# Aim of the exercise
The count of lines below that include the string "with" is the whole answer.

# Listed records
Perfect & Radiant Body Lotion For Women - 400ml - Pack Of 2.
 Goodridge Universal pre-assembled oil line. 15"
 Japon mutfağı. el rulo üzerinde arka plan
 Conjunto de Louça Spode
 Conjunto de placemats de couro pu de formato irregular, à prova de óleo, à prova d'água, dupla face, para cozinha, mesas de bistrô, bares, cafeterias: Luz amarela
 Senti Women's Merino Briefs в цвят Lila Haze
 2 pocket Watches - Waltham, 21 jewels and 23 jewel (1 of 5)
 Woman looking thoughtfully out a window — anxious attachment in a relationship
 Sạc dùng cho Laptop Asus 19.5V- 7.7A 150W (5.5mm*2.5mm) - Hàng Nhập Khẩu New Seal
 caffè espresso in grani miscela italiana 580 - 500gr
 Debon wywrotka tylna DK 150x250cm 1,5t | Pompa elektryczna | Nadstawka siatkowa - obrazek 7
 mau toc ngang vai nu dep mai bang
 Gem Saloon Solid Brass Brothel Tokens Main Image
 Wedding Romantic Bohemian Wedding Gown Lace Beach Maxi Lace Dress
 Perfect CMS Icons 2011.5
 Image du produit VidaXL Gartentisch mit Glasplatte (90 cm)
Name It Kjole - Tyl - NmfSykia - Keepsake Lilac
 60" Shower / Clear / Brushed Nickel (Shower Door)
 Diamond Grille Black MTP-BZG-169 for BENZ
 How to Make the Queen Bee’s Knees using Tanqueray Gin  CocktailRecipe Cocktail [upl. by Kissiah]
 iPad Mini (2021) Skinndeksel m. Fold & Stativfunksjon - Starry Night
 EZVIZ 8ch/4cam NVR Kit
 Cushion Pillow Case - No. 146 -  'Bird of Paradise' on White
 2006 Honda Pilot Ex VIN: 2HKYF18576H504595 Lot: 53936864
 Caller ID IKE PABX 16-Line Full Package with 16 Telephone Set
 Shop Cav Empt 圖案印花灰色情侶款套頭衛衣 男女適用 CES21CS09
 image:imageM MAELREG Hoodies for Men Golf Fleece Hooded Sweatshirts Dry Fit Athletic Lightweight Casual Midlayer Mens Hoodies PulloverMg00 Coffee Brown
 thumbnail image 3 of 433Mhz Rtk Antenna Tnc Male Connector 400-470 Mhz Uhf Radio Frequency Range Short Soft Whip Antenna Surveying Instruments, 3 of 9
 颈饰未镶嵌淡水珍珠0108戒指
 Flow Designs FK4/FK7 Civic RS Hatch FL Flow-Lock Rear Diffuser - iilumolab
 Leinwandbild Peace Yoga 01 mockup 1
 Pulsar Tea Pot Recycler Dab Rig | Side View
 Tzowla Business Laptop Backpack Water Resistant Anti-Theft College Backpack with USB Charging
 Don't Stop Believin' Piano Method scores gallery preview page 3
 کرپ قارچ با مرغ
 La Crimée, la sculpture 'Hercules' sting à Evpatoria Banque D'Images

# Solution for this problem
2